How do I do it? I was told that there would need to be some frame modifications...has anyone done it? I have a buddy wanting a snow plow for his stock 2002 TJ (I think he's planning on putting bigger tires on it...possibly a lift-but not huge). I know another guy that has a plow fabbed up for a cj. Anyone ever do this?


----------



## theplowmeister (Nov 14, 2006)

aaaaa what brand of plow? I got my Fisher truckside mount (along with the plow) from Fisher for my 00 TJ


----------



## treegump (Sep 15, 2008)

ooops. sorry about that. Its a meyer ST-90 .


----------



## sefh (Oct 18, 2005)

I have a CJ with meyer plow on it. I don't think this can be done.
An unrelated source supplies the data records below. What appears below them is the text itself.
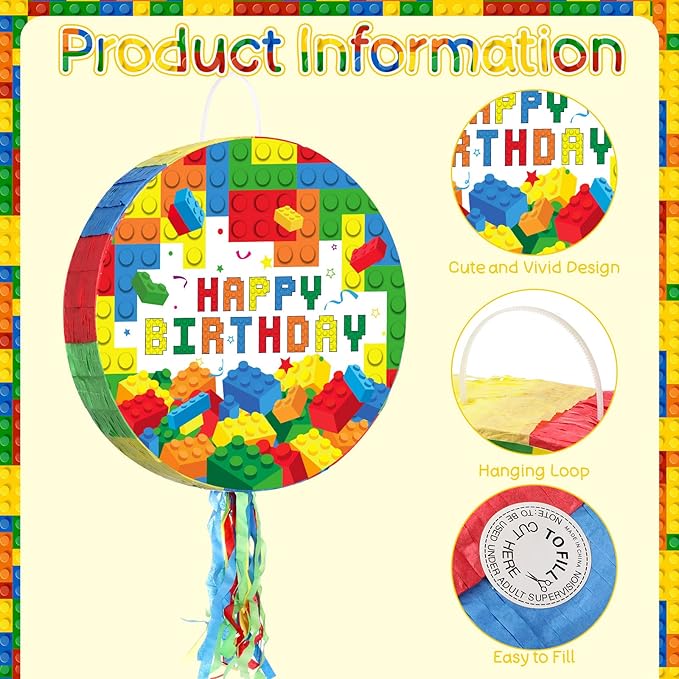 Jexine Birthday Block Piñata Set Birthday Building Piñata with Blindfold, Bat, Stick Blocks Party Supplies for Carnival Fiesta Party Supplies Event Decoration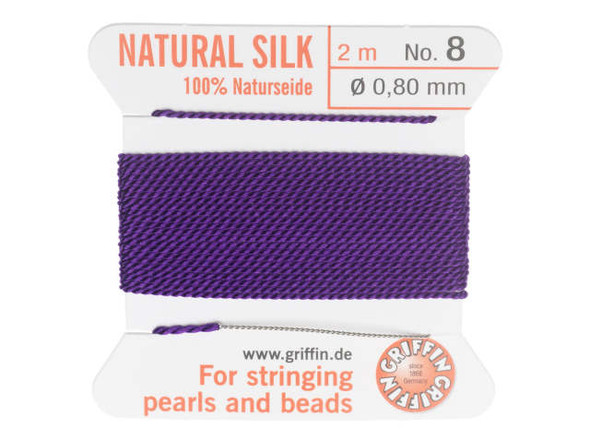 Griffin Silk Beading Cord & Needle, Size 8 (0.8mm), 2 Meters, Amethyst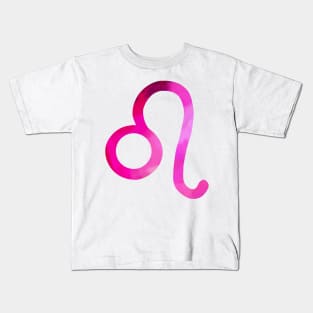 Pink Leo Symbol Kids T-Shirt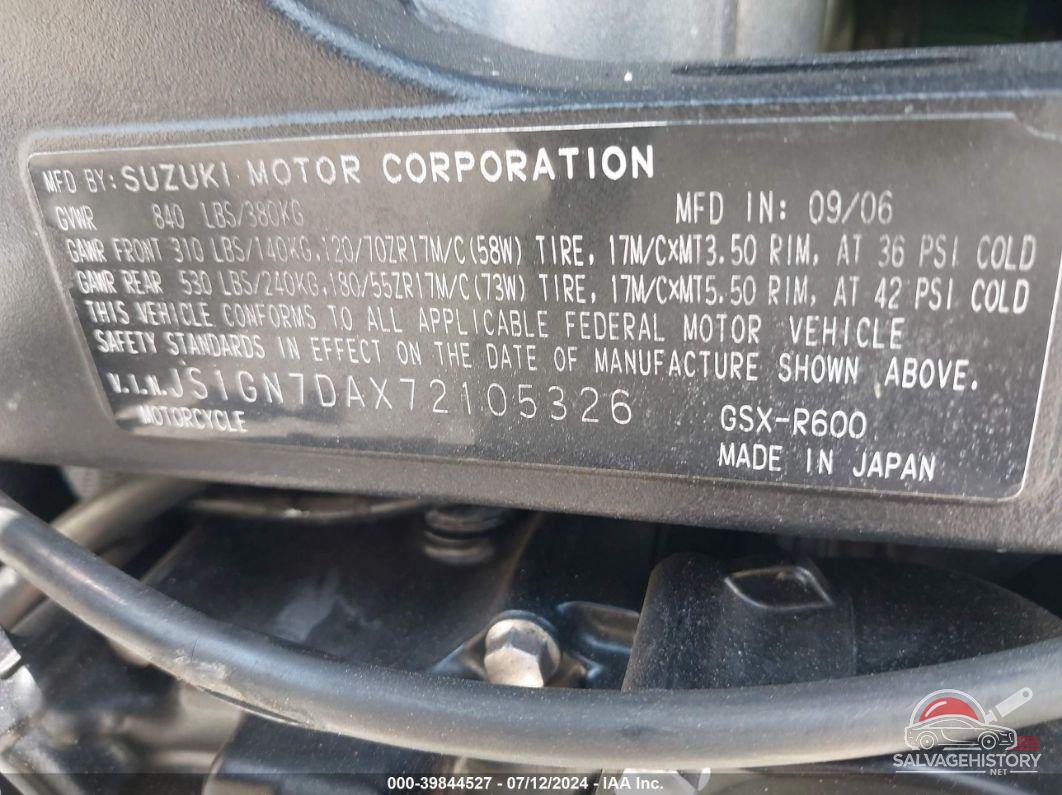 JS1GN7DAX72105326 2007 SUZUKI GSX-R600 photo no. 9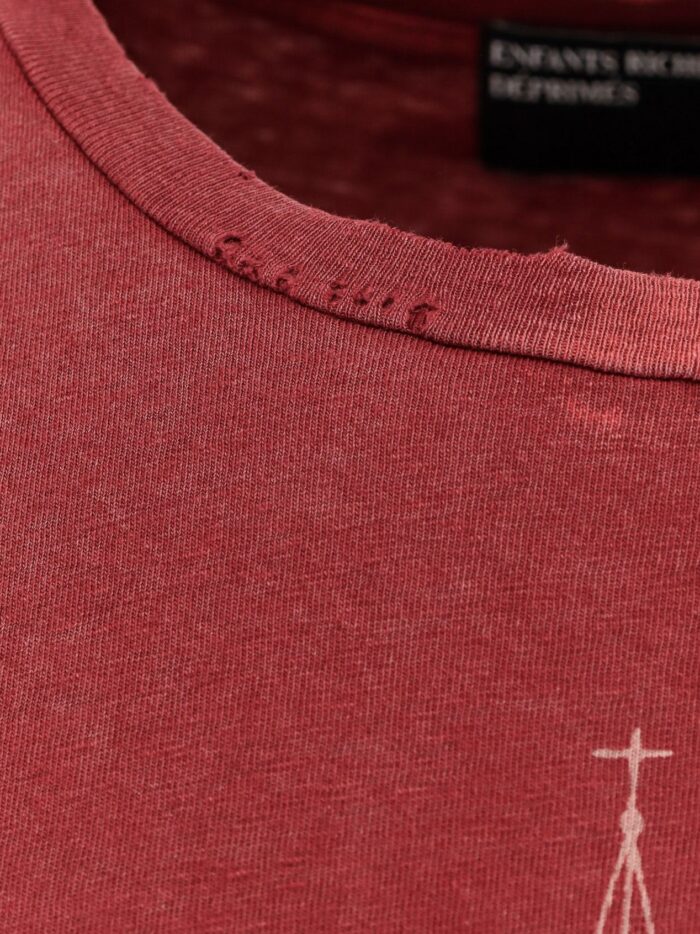 ENFANTS RICHES DEPRIMES Burning Church Cotton T-shirt With Used Effect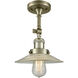 Franklin Restoration Halophane LED 9 inch Antique Brass Semi-Flush Mount Ceiling Light in Clear Halophane Glass, Franklin Restoration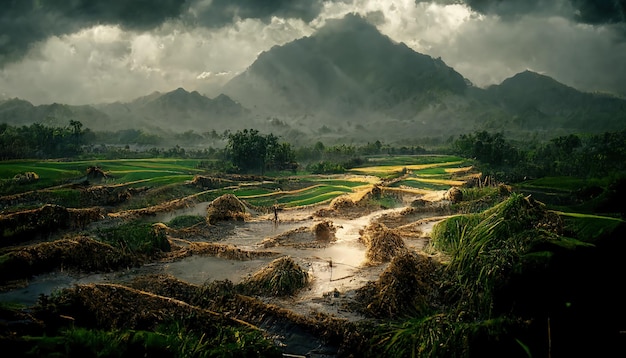 Photo green fields in the pouring rain mountains under gloomy skies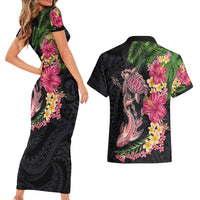 Hawaiian Tropical Plants Turtle and Shark Couples Matching Short Sleeve Bodycon Dress and Hawaiian Shirt Polynesian Art Tattoo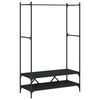 vidaXL Drabužių kabykla su lentynomis, juoda, apdirbta mediena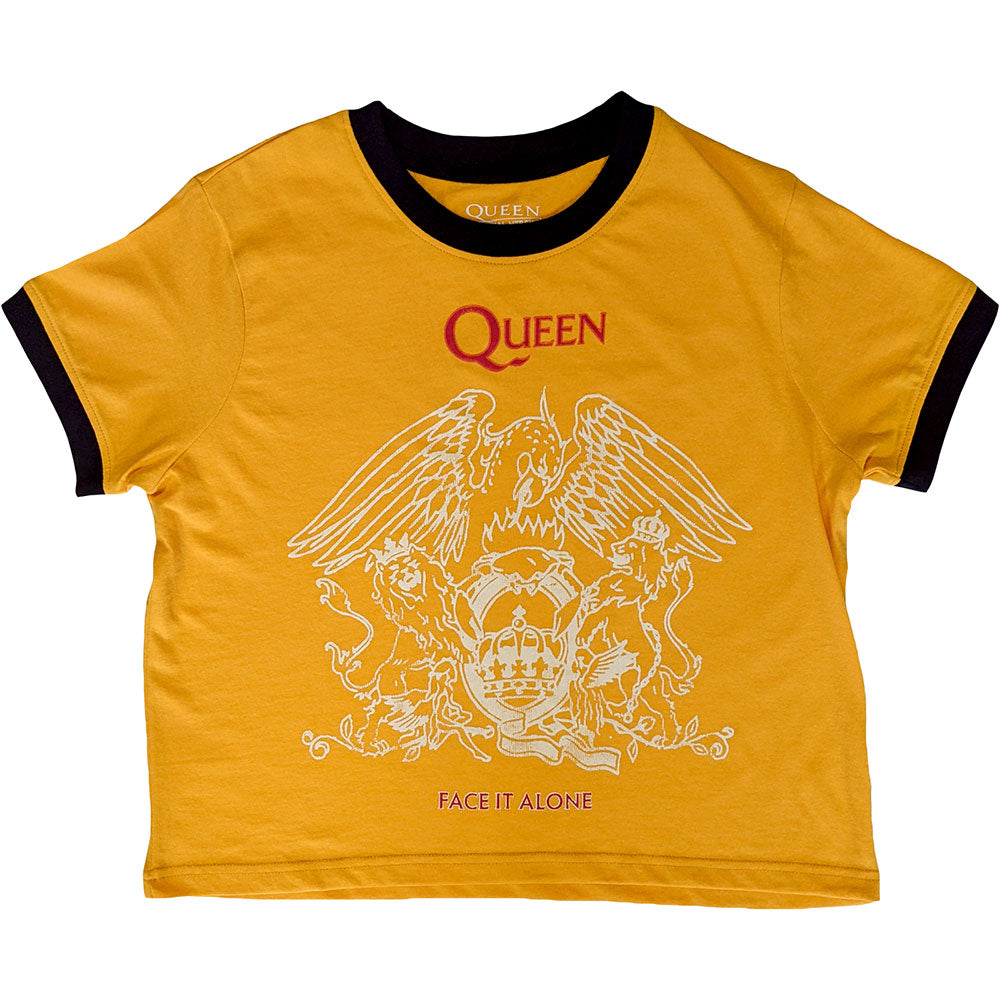 Queen Ladies Crop Top: Face It Alone Crest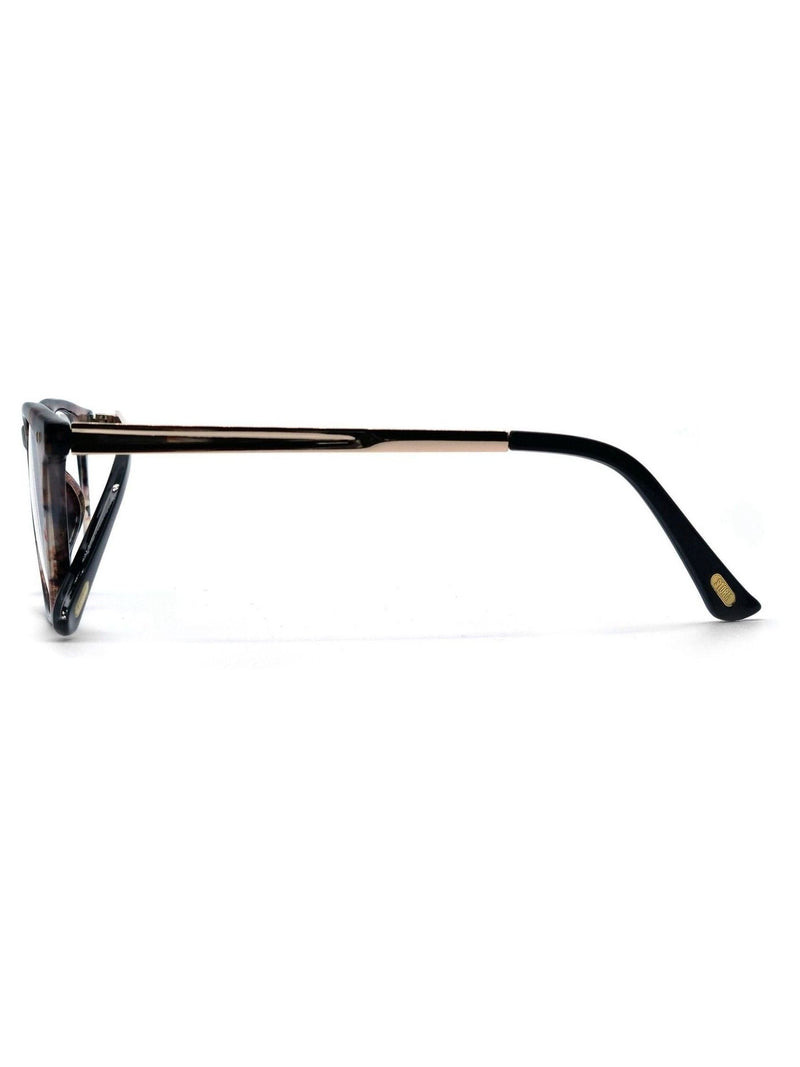 Reading glasses with brown marble effect and gold temples, imported from the UK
If I remember your front pumpkin is on the drivers side and a CJ is on the passengers side. You would be better off going to Meyer and buying a truck mount. The pump mount might work, not sure. I think the frame rail is wider on a TJ than a CJ. Do some quick measuring to make sure. If you are a good fabricator than anything could work.


----------



## '76cj5 (Dec 12, 2003)

Yes the TJ frame is much wider than a CJ frame.


----------